== Segment start ==

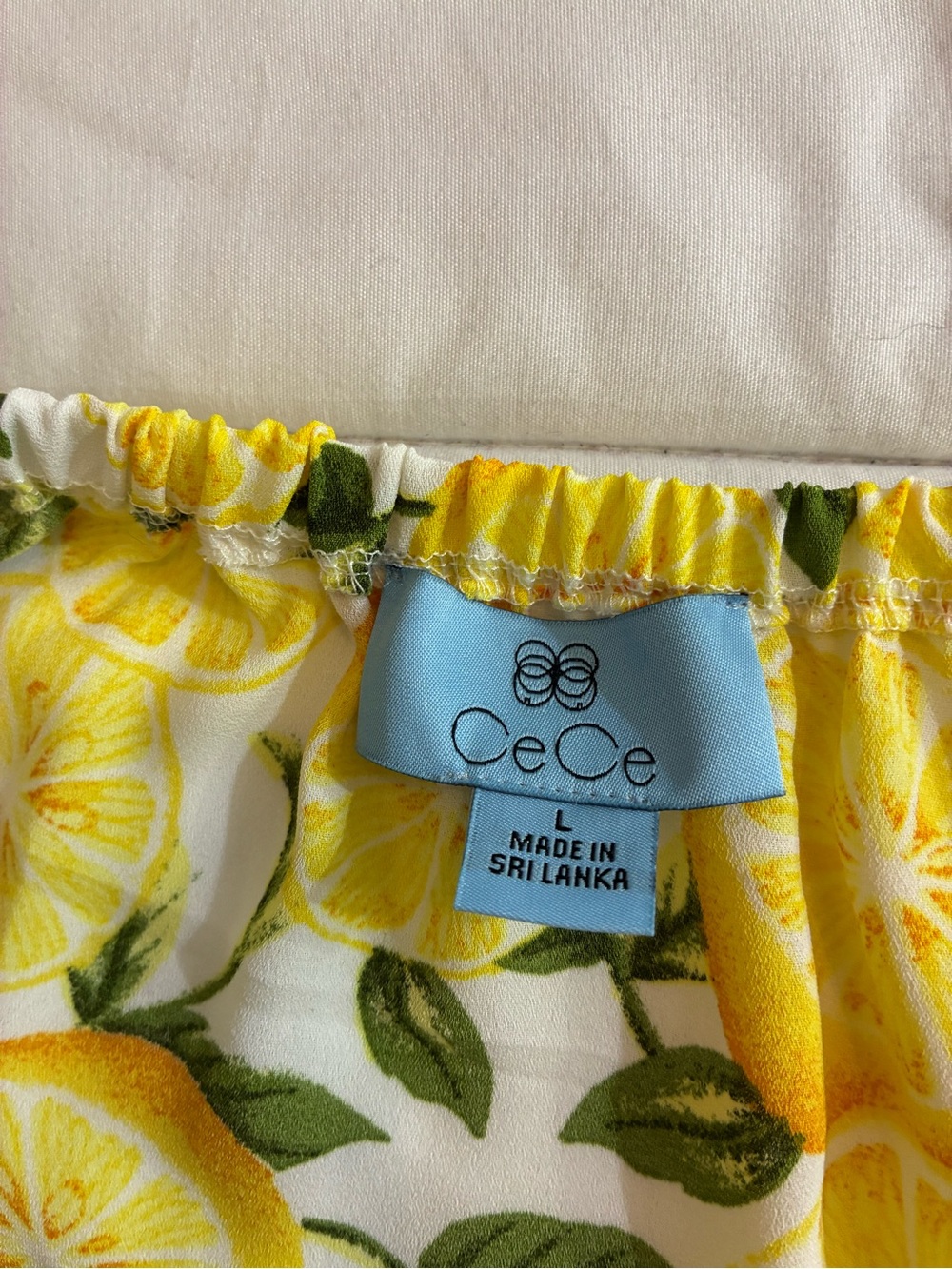 CeCe Yellow Lemon-Print Off-Shoulder Ruffle Blouse - Picture 4 of 4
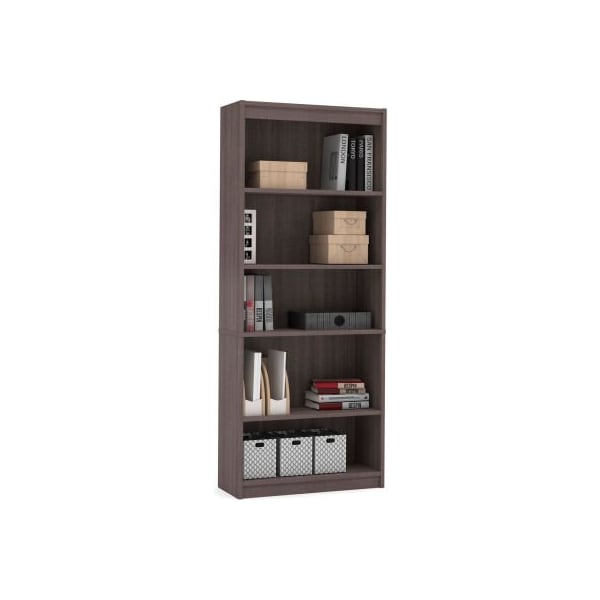 Bestar Bookcase 29-1/2"W x 11-5/8"D x 72"H 5 Shelf Bark Gray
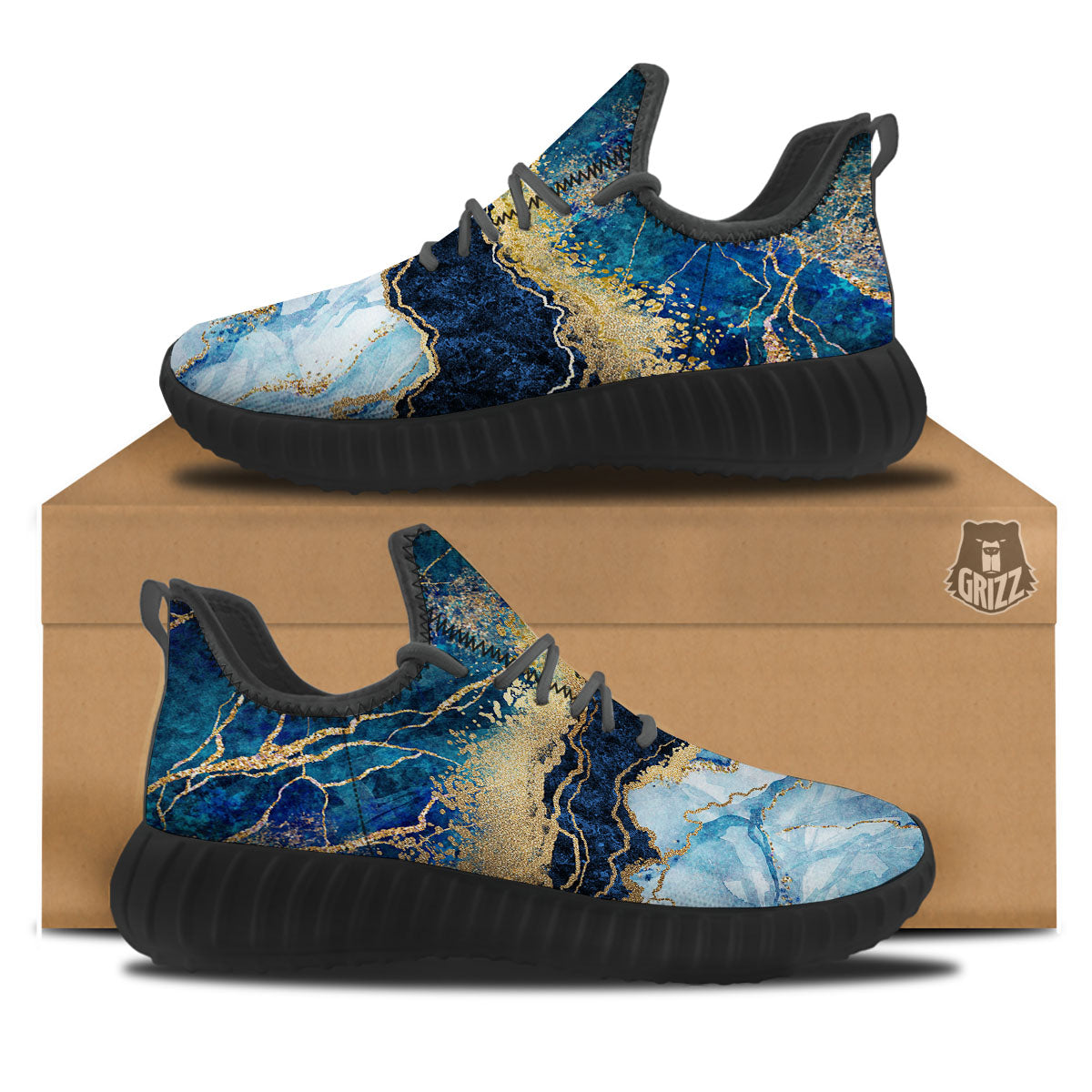Blue And Gold Marble Print Black Walking Shoes-grizzshop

== Segment end ==

* _PROBLEM TO SOLVE_
The listing above is to be retyped exactly, with all pictures left out.

* _PROBLEM SOLUTION_
 CeCe Yellow Lemon-Print Off-Shoulder Ruffle Blouse - Picture 4 of 4
 Bestar Bookcase 29-1/2"W x 11-5/8"D x 72"H 5 Shelf Bark Gray
Blue And Gold Marble Print Black Walking Shoes-grizzshop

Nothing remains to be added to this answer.